**REQUIRED WORK:** Look for the line with "Hughes-Framed Giclee Print" in the data below, then reproduce word for word that line and every line after it. Leave out all pictures and add nothing.
INFORMATION PROVIDED: Begin
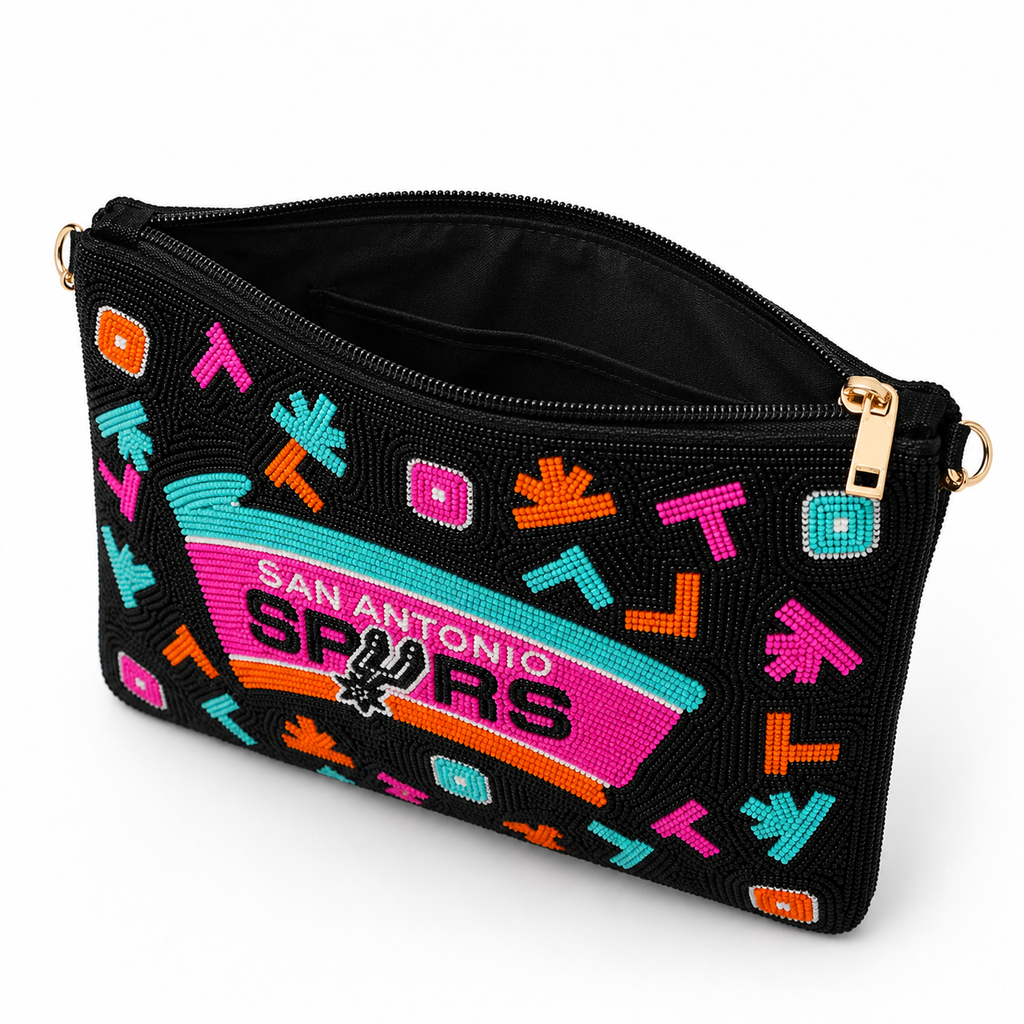 San Antonio Spurs Color Pop Beaded Crossbody Clutch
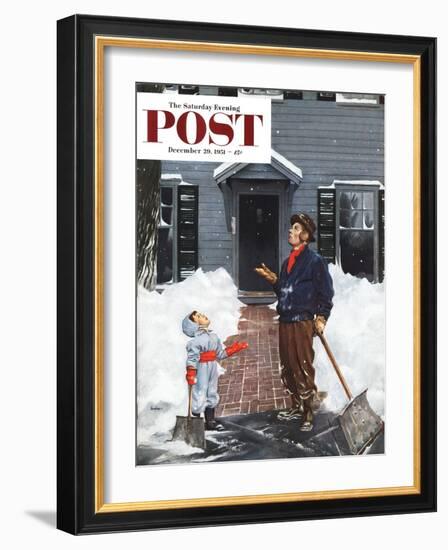 "More Snow?" Saturday Evening Post Cover, December 29, 1951-George Hughes-Framed Giclee Print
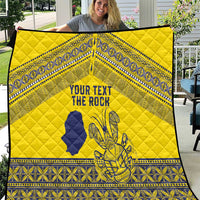 Niue Crab Personalised Quilt Niuean Hiapo Pattern LT9 Gold - Polynesian Pride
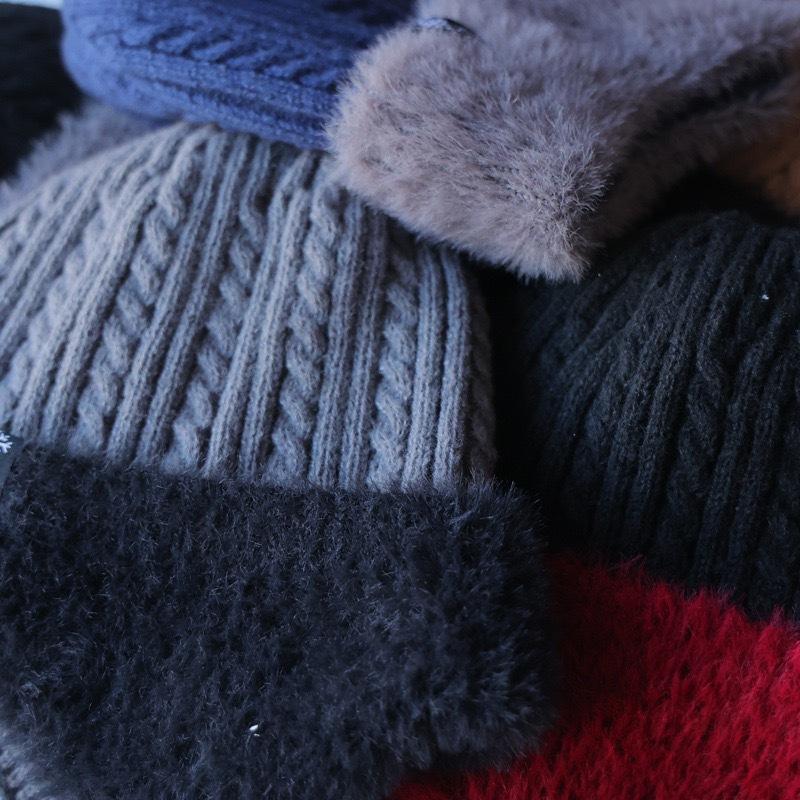 Faux Mink Knit Woolen Hat Winter Earflap Beanie Outdoor Fleece Lined Thickened Warm Cold Resistant Ski Hat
INFORMATION PROVIDED: End
**EXPECTED ANSWER:**
 "More Snow?" Saturday Evening Post Cover, December 29, 1951-George Hughes-Framed Giclee Print
 Niue Crab Personalised Quilt Niuean Hiapo Pattern LT9 Gold - Polynesian Pride
 Faux Mink Knit Woolen Hat Winter Earflap Beanie Outdoor Fleece Lined Thickened Warm Cold Resistant Ski Hat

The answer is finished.